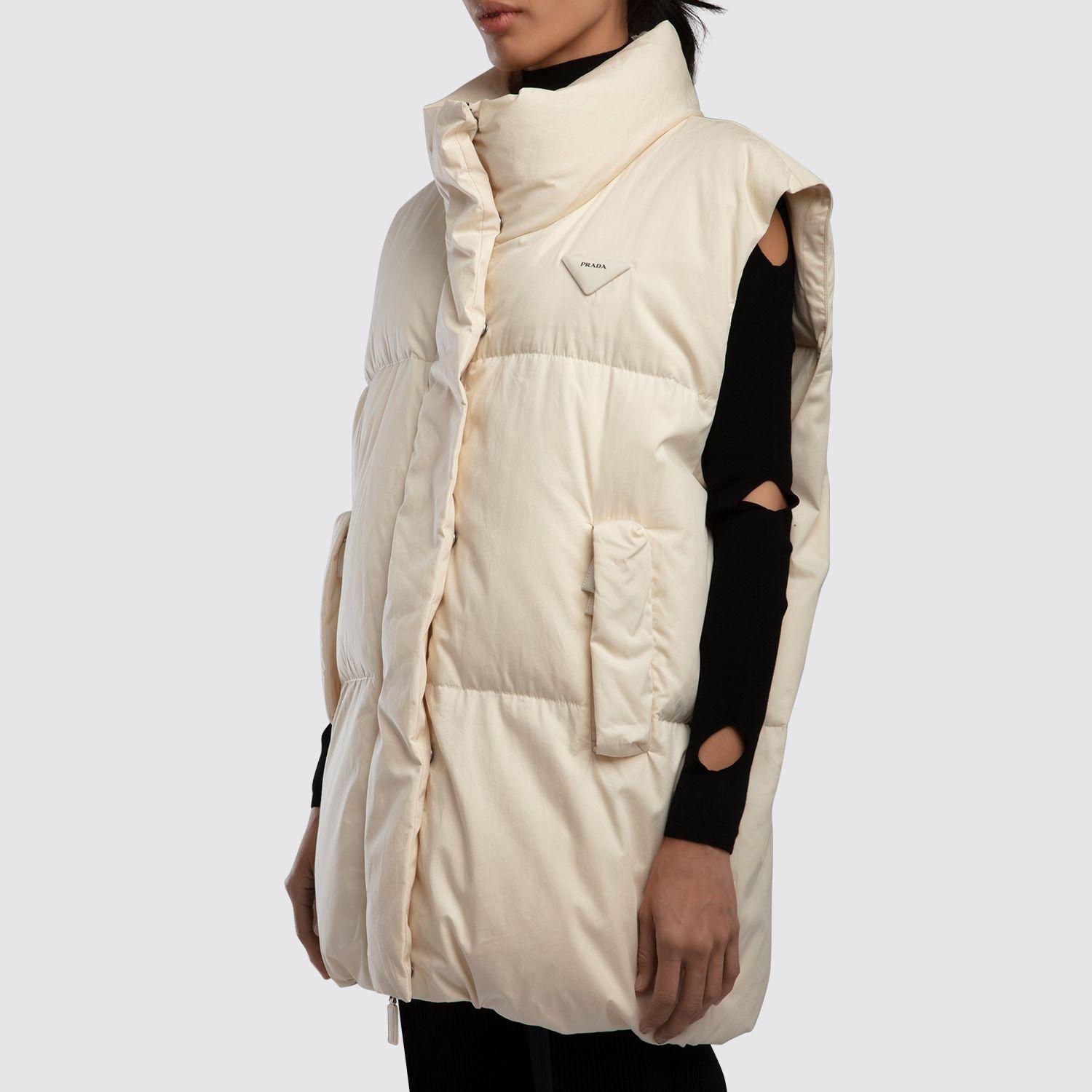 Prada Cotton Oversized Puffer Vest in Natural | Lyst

——

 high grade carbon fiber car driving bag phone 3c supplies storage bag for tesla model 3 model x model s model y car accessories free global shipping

——

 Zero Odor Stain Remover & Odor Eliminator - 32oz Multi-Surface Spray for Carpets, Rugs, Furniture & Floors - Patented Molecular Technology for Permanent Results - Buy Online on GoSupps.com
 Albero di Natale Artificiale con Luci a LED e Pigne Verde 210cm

——

» Work instructions: Keep both end lines and retype everything in the records above from the line containing "Zero Odor Stain" through the line containing "Albero di Natale", exactly, with nothing else.

» Worked solution:
 Zero Odor Stain Remover & Odor Eliminator - 32oz Multi-Surface Spray for Carpets, Rugs, Furniture & Floors - Patented Molecular Technology for Permanent Results - Buy Online on GoSupps.com
 Albero di Natale Artificiale con Luci a LED e Pigne Verde 210cm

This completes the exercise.